Schuchardt fügt hinzu: "Diese Kinder waren der Stadt Würzburg anvertraut. Die Vergangenheit ist nicht wiedergutzumachen. Die Stadt Würzburg trägt aber die moralische Verantwortung gegenüber den Betroffenen und erkennt ihr seelisches und körperliches Leid an."
Stadt Würzburg will Peter beistehen und Beratungsangebote vermitteln
Peter, der in einem Würzburger Stadtteil lebt, möchte näher im Zentrum wohnen. Dieser Wunsch könnte bald in Erfüllung gehen. Das Jugendamt habe für den 70-Jährigen einen Antrag auf einen Wohnberechtigungsschein gestellt und diesen priorisiert an die Stadtbau, das kommunale Wohnungsunternehmen, weitergegeben, informiert Claudia Lother, Pressesprecherin der Stadt Würzburg.
Die Stadt will Peter außerdem Beratungsangebote vermitteln, "die auch heute noch positiven Effekt haben können", heißt es weiter aus dem Oberbürgermeisterbüro.
Auch die Erlöserschwestern haben Hilfe zugesagt
Schwester Monika Edinger, die Generaloberin der Erlöserschwestern, bestätigt, dass es auch von ihrer Seite Unterstützung für Peter in seiner aktuellen Notsituation gebe. Sie werde vom Missbrauchsbeauftragten der Diözese Würzburg, Prof. Alexander Schraml, "in Abstimmung mit uns koordiniert". Zugesagt sei Hilfe beim Umzug und bei der Möblierung.

Peter ist nicht das einzige ehemalige "Wickenmayer"-Kind, das Vorwürfe gegen die Erlöserschwestern und dort Angestellte erhebt. Bereits vor zwei Jahren hat diese Redaktion über weitere Betroffene berichtet. Peter sowie seine enge Vertrauensperson Matthias Risser, ehemaliger Redakteur beim Würzburger katholischen Sonntagsblatt, sehen auch das Verhalten des damaligen Jugendamtsleiters kritisch.
Wird die Stadt Würzburg aufarbeiten, warum damals der Kinderschutz ausblieb und niemand vom Jugendamt eingriff? Laut Aussagen von Peter hatten die Mitarbeiter Kenntnis von Schlägen und Missbrauch.
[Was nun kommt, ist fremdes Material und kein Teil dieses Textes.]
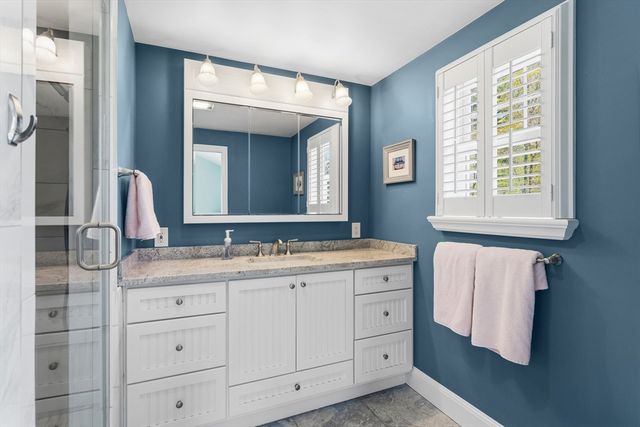 11 Highland Ave, Groveland, MA 01834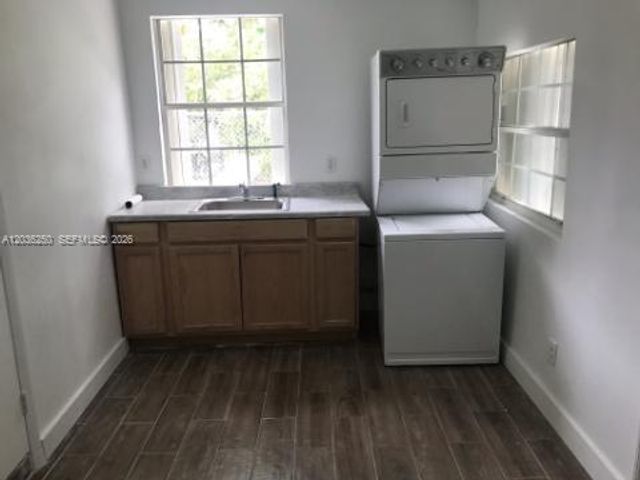 3244 SW 3rd St L, Miami, FL 33135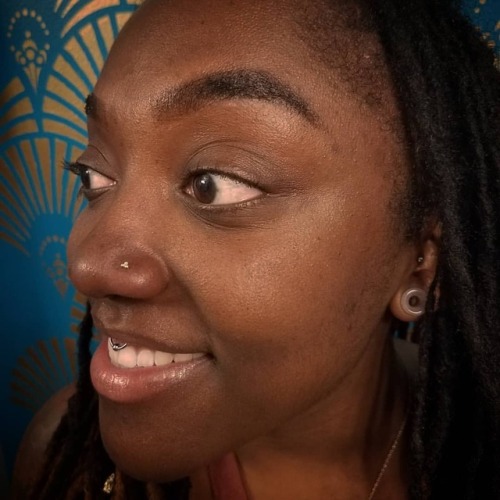 Doesn’t this #yellowgold cluster look beautiful on her!?!?! Fresh #nostril piercing performed 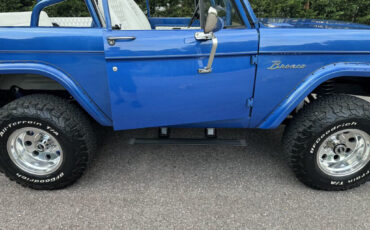 Ford-Bronco-1975-21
Sie seien auch regelmäßig im Heim gewesen. "Verborgen geblieben ist ihnen die körperliche Gewalt und auch der sexuelle Missbrauch sicher nicht", sagt Peter.
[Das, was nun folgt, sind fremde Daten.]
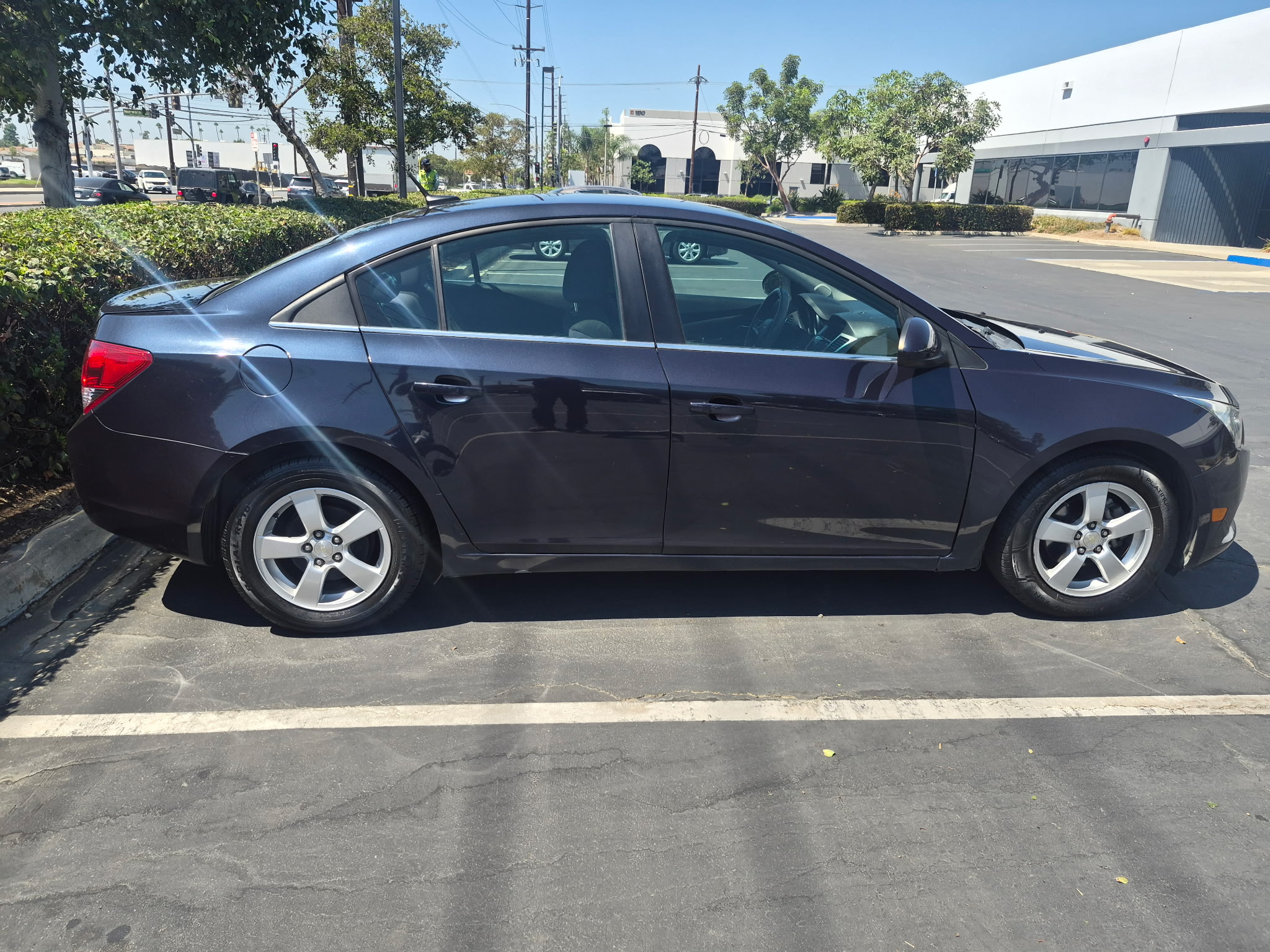 Used 2014 Chevrolet Cruze LT FWD image 5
In seinem Fall, der Missbrauch durch S., der in der Einrichtung privat Musikunterricht gab, sei der Beschuldigte zwar nicht sofort, aber nach einiger Zeit entlassen worden. "Der Grund war bekannt", sagt Peter, da S. von einer Erlöserschwester "dabei erwischt" wurde. Er habe bereits zuvor versucht, einer Schwester von seinem Missbrauch zu erzählen. Sie habe ihn geohrfeigt und gesagt: "Über so was redet man nicht."
Stadt Würzburg: Bei den Akten gibt es Lücken
Pressesprecherin Claudia Lother informiert, dass die Vorwürfe durch den Fall Peter bekannt geworden sind. "Auch hier bekennt sich die Stadt Würzburg zu ihrer moralischen Verpflichtung gegenüber den Opfern." Bei den Akten gebe es jedoch Archivlücken, "da im Jahr 2013 eine Reihe von personenbezogenen Unterlagen des Stiftungsamtes zu Heimbewohnern und -personal offenbar als nicht archivwürdig vernichtet wurden".
Zudem sei die vom Jugendamt geführte pädagogische Akte zu Peter ebenfalls vernichtet worden. Dies müsse zehn Jahre nach Hilfeende geschehen sein, also zehn Jahre nach Peters Volljährigkeit.
Oberbürgermeister Schuchardt sagt dazu: "Ich möchte aber auch hier eindeutig klarstellen, dass wir den Betroffenen glauben. Als Oberbürgermeister werde ich daher in einer der nächsten Sitzungen einen Verfahrensvorschlag einbringen."